Friday Greetings from Joe McDonnell.
On this day in 1902 a Greek archaeologist identified a heavily corroded 2,000 year old piece of bronze as the earliest example of an analogue computer. The mechanism had been found two years earlier by sponge divers on an ancient shipwreck off the coast of the Aegean island of Antikythera. The diver at first thought he was seeing corpses on the sea floor, but they turned out to be bronze and marble statues.
The divers went off to another area looking for sponges, and returned to the wreck at the end of the season.
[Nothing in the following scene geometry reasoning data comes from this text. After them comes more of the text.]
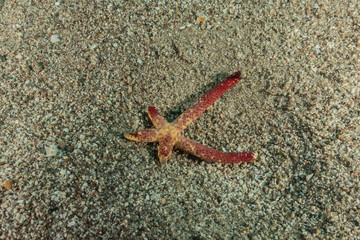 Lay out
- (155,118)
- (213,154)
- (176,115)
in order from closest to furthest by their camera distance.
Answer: (213,154) < (155,118) < (176,115)

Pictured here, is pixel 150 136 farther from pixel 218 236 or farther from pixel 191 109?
pixel 218 236

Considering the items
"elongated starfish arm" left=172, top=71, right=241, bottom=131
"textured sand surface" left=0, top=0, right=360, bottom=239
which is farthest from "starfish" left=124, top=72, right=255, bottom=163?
Result: "textured sand surface" left=0, top=0, right=360, bottom=239

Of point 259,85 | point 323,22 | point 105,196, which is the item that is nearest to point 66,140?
point 105,196

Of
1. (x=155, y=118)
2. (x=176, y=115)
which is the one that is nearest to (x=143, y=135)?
(x=155, y=118)

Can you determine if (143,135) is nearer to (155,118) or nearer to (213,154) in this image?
(155,118)

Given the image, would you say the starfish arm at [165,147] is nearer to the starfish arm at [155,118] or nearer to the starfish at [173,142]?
the starfish at [173,142]

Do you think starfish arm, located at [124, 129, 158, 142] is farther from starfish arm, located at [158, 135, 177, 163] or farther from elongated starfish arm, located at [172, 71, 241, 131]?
elongated starfish arm, located at [172, 71, 241, 131]

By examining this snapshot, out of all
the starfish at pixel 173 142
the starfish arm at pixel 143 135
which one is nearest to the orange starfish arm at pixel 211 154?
the starfish at pixel 173 142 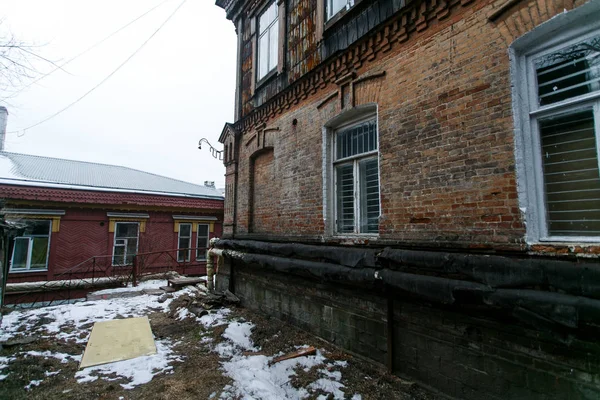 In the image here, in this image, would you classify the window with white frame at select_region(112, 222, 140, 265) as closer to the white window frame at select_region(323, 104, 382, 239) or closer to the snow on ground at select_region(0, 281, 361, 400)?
the snow on ground at select_region(0, 281, 361, 400)

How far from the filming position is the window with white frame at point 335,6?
536 cm

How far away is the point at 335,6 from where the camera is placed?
223 inches

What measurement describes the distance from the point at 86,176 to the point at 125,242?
5762 mm

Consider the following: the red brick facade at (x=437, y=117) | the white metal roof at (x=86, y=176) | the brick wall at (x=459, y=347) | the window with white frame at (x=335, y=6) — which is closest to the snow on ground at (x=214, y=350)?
the brick wall at (x=459, y=347)

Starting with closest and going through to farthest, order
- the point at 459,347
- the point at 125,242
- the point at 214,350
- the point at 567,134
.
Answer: the point at 567,134 → the point at 459,347 → the point at 214,350 → the point at 125,242

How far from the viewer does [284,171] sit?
661 cm

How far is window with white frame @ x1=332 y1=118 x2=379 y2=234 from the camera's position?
481 cm

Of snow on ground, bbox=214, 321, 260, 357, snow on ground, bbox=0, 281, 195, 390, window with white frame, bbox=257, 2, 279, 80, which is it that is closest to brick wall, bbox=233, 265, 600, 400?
snow on ground, bbox=214, 321, 260, 357

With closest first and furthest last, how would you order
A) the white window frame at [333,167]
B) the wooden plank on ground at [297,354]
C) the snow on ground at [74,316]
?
the wooden plank on ground at [297,354], the white window frame at [333,167], the snow on ground at [74,316]

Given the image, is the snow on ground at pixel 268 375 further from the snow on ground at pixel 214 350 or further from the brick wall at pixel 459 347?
the brick wall at pixel 459 347

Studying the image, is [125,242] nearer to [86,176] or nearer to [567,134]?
[86,176]

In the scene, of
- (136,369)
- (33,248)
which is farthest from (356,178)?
(33,248)

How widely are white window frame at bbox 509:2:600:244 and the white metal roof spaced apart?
1495cm

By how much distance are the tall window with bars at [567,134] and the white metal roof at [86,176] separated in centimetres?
1509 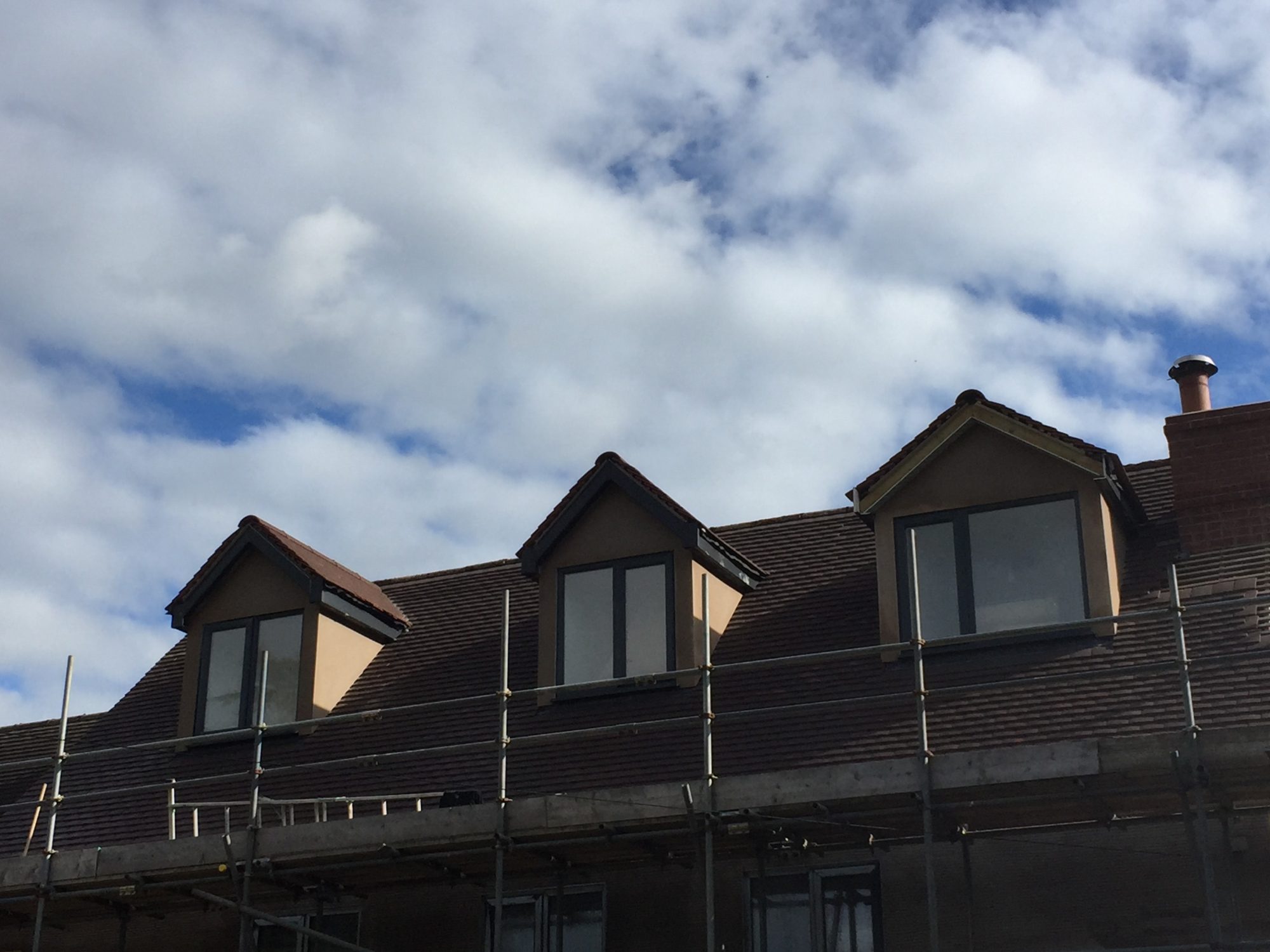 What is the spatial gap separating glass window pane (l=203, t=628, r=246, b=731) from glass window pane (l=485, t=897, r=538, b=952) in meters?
4.55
They retrieved several artifacts and forwarded them to the authorities. The archaeologists in Athens got considerably more excited than the sponge divers had been and sent the Greek Navy down to retrieve more artifacts.
The following year while examining this curious hunk of bronze, the archeologist Valerios Stais discovered that it contained a geared wheel. He theorized that it had been part of an astronomical clock. Fellow scholars said such a device would have been too complex for the technology of the time and investigations were set aside for half a century.
Main gear, one of 30 or so, all hand made. |
In 1951 a curious British historian pulled the mechanism out of the back room and studies recommenced. In 1971 a Greek physicist made gamma-ray images that revealed the true complexity of the mechanism. More recent scans have been able to read the tiny script on the device which seems to be part of the device's instruction manual. By tuning a crank, the movement of the moon and the five known planets could be predicted on various dials. It even accounted for the changing speed of the moon in its orbit. It also showed the phases of the moon, predicted solar eclipses, and, for the sports fan, told when the next Olympic Games would start. All this was packed in a box 13 inches by 7 inches by 3.5 inches.
The device was being transported to Rome around 80 B.C. when the ship broke up and sank, probably in a storm. Rome had conquered Greece seventy years previously and the ship's cargo could have been plunder. Or the Romans may have paid for it. We don't know. Based on it's complexity, there must have been several other devices like it at the time. None have survived from antiquity. Bronze was a valuable metal back then, and once the device's purpose was forgotten by later owners who may not have had any interest in the movements of Jupiter or Saturn, the thing could be melted down to make fish hooks or spear heads.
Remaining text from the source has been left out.